Education and rugby are two of Laurian Johannes-Haupt’s major passions in life. So, it should come as little surprise that she is planning to use her latest coaching opportunity to benefit future generations of female coaches in South Africa.
Johannes-Haupt became the first woman to be appointed as a South African national team coach when she took charge of the country’s women’s U20 side in May 2019.
That role has enabled her to build a strong relationship with senior women’s head coach, Stanley Raubenheimer, who has taken a keen interest in the development of her young squad. The Athlone High School teacher has in turn attempted to “infiltrate a few of my players into his squad”, with a fair amount of success.
The pair will have the chance to further strengthen their working relationship over the next 12 months, after Johannes-Haupt was confirmed as one of an elite group of female coaches selected for a new World Rugby initiative, the World Rugby Coaching Internship Programme for Rugby World Cup 2021.

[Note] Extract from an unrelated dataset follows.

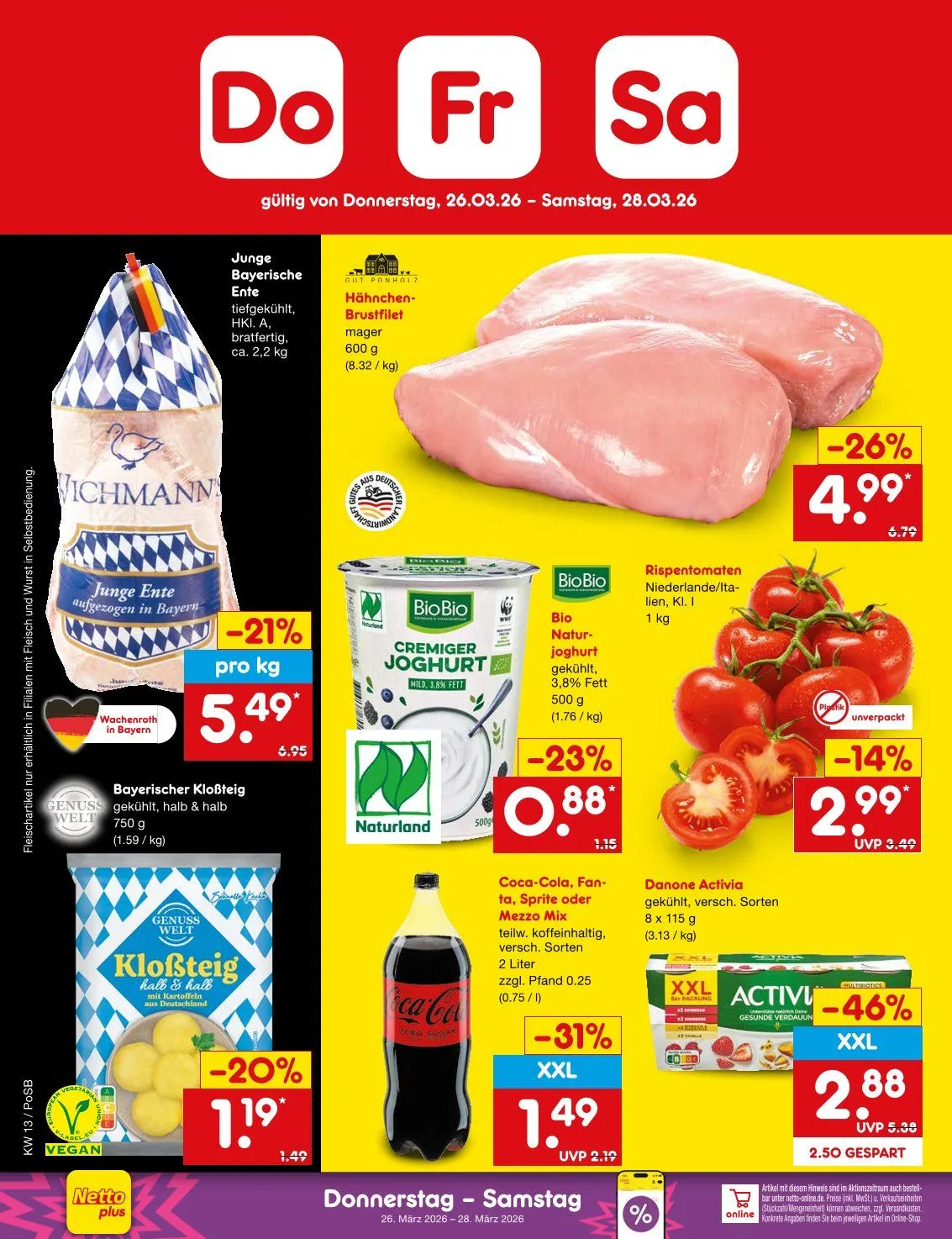Netto Marken-Discount Prospekte von 23. März bis 28. März 2026 - Prospekt seite 42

1️⃣ year to go before the @rugbyworldcup kicks off in New Zealand— Springbok Women (@WomenBoks) September 18, 2020
🏉 Laurian Johannes to join Springbok Women as coaching intern
🗣️ "We know it is going to be a great challenge, but we are really looking forward to"
➡️ Full story here: https://t.co/F1mc3lxsKs pic.twitter.com/nyATdbPPPh
A former South Africa prop, Johannes-Haupt will work with Raubenheimer as an assistant coach on the road to RWC 2021 – the Springbok Women’s first appearance since 2014, and it is a chance she believes could have a far-reaching impact.
For the better of the game
“This is a great initiative that will improve women’s rugby and women’s rugby coaching in the future,” Johannes-Haupt told World Rugby.
“This opportunity helps me help future women coaches by sharing my experiences and guiding other coaches that are coming through the ranks. In South Africa we have quite a few ex-players that are now taking up coaching as well.
“If I am given the opportunity to share what I’ve learnt over this course, it will be better for the game, better for the development of the sport and better for South African rugby.”
Johannes-Haupt, who played for South Africa at RWC 2010 in England, is excited by the prospect of working more closely with Raubenheimer and his coaching staff.
“It will have a major impact on my own style of coaching as I learn from other international coaches who have diverse coaching philosophies,” she added.
The former prop is also looking forward to experiencing a Rugby World Cup in a different role: “I am ecstatic for the opportunity to represent my country on the world stage once again.”
Johannes-Haupt started her coaching career with the Western Province junior teams before progressing to the senior ranks – first as an assistant, and then as the head coach of the Western Province women’s senior team.
However, she remains an educator at heart. The 36-year-old is a Head of Department at Athlone High School in Cape Town, and she admits she would find it hard to walk away from the classroom full-time.
According to Johannes-Haupt, teaching has given her the tools to improve her coaching as the development of young players is at the heart of her approach to the game.
“My philosophy is to develop the person holistically, both as a person and as a rugby player,” she explained.
“Ultimately I want the player to go back home and strive to be the best that they could be in any sphere of their life.
“Successful players have a positive impact on their families, communities and society as a whole.”
Excited by opportunities
“Despite South Africans’ diverse cultures and backgrounds, the team becomes unified with a shared vision and this makes rugby such a rewarding game.”
Johannes-Haupt is passionate about coaching and her country and therefore she aspires to become a senior national coach. “That is every coach's dream,” she admitted.
The South Africa senior women’s set-up has changed quite a lot since her final test appearance against Uganda in September 2013.
“Although women’s rugby in South Africa is still developing, it is run in a professional manner and this is beneficial to the game,” Johannes-Haupt explained.
“The game has evolved so much since I played. Props, for example, are not limited to scrumming and lineout support but are more agile and conditions to be more mobile on the field.
“I am excited to see how women’s rugby evolved to such an extent where more opportunities have been presented for future players and prospective coaches.”